Re: [PATCH v2 0/2] fix gss seqno handling to be more rfc-compliant

From: Nikhil Jha
Date: Wed Jun 11 2025 - 15:05:32 EST


On Wed, Jun 11, 2025 at 02:54:09PM -0400, Chuck Lever wrote:
> On 6/11/25 2:50 PM, Nikhil Jha wrote:
> > On Thu, Mar 20, 2025 at 09:16:15AM -0400, Chuck Lever wrote:
> >> On 3/19/25 1:02 PM, Nikhil Jha via B4 Relay wrote:
> >>> When the client retransmits an operation (for example, because the
> >>> server is slow to respond), a new GSS sequence number is associated with
> >>> the XID. In the current kernel code the original sequence number is
> >>> discarded. Subsequently, if a response to the original request is
> >>> received there will be a GSS sequence number mismatch.
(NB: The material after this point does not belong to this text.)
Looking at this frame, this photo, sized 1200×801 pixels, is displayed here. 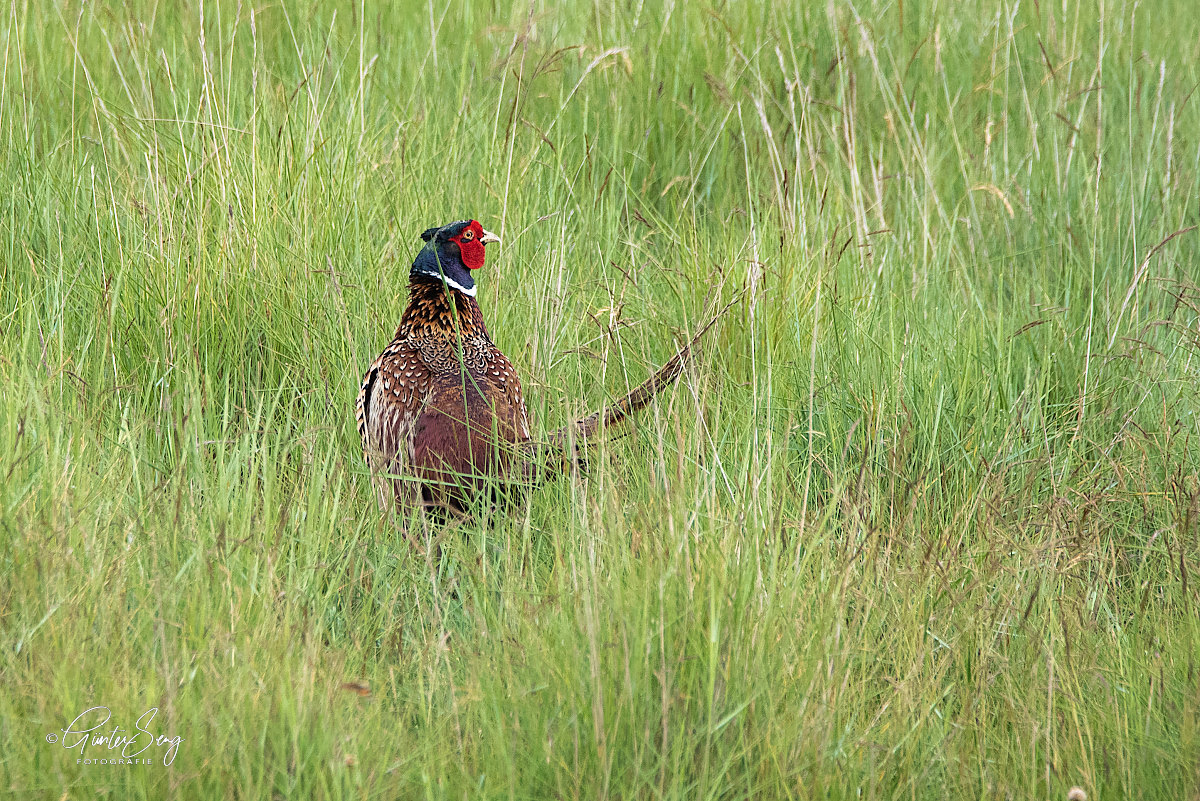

A mismatch will
> >>> trigger another retransmit, possibly repeating the cycle, and after some
> >>> number of failed retries EACCES is returned.
> >>>
> >>> RFC2203, section 5.3.3.1 suggests a possible solution... “cache the
> >>> RPCSEC_GSS sequence number of each request it sends” and "compute the
> >>> checksum of each sequence number in the cache to try to match the
> >>> checksum in the reply's verifier." This is what FreeBSD’s implementation
> >>> does (rpc_gss_validate in sys/rpc/rpcsec_gss/rpcsec_gss.c).
> >>>
> >>> However, even with this cache, retransmits directly caused by a seqno
> >>> mismatch can still cause a bad message interleaving that results in this
> >>> bug. The RFC already suggests ignoring incorrect seqnos on the server
> >>> side, and this seems symmetric, so this patchset also applies that
> >>> behavior to the client.
> >>>
> >>> These two patches are *not* dependent on each other. I tested them by
> >>> delaying packets with a Python script hooked up to NFQUEUE. If it would
> >>> be helpful I can send this script along as well.
> >>>
> >>> Signed-off-by: Nikhil Jha <njha@xxxxxxxxxxxxxx>
> >>> ---
> >>> Changes since v1:
> >>> * Maintain the invariant that the first seqno is always first in
> >>> rq_seqnos, so that it doesn't need to be stored twice.
> >>> * Minor formatting, and resending with proper mailing-list headers so the
> >>> patches are easier to work with.
> >>>
> >>> ---
> >>> Nikhil Jha (2):
> >>> sunrpc: implement rfc2203 rpcsec_gss seqnum cache
> >>> sunrpc: don't immediately retransmit on seqno miss
> >>>
> >>> include/linux/sunrpc/xprt.h | 17 +++++++++++-
> >>> include/trace/events/rpcgss.h | 4 +--
> >>> include/trace/events/sunrpc.h | 2 +-
> >>> net/sunrpc/auth_gss/auth_gss.c | 59 ++++++++++++++++++++++++++----------------
> >>> net/sunrpc/clnt.c | 9 +++++--
> >>> net/sunrpc/xprt.c | 3 ++-
> >>> 6 files changed, 64 insertions(+), 30 deletions(-)
> >>> ---
> >>> base-commit: 7eb172143d5508b4da468ed59ee857c6e5e01da6
> >>> change-id: 20250314-rfc2203-seqnum-cache-52389d14f567
> >>>
> >>> Best regards,
> >>
> >> This seems like a sensible thing to do to me.
> >>
> >> Acked-by: Chuck Lever <chuck.lever@xxxxxxxxxx>
> >>
> >> --
> >> Chuck Lever
> >
> > Hi,
> >
> > We've been running this patch for a while now and noticed a (very silly
> > in hindsight) bug.
> >
> > maj_stat = gss_validate_seqno_mic(ctx, task->tk_rqstp->rq_seqnos[i], seq, p, len);
> >
> > needs to be
> >
> > maj_stat = gss_validate_seqno_mic(ctx, task->tk_rqstp->rq_seqnos[i++], seq, p, len);
> >
> > Or the kernel gets stuck in a loop when you have more than two retries.
> > I can resend this patch but I noticed it's already made its way into
> > quite a few trees. Should this be a separate patch instead?
>
> The course of action depends on what trees you found the patch in.
>
>
> --
> Chuck Lever

It shows up here, so I think it's in v6.16-rc1 already.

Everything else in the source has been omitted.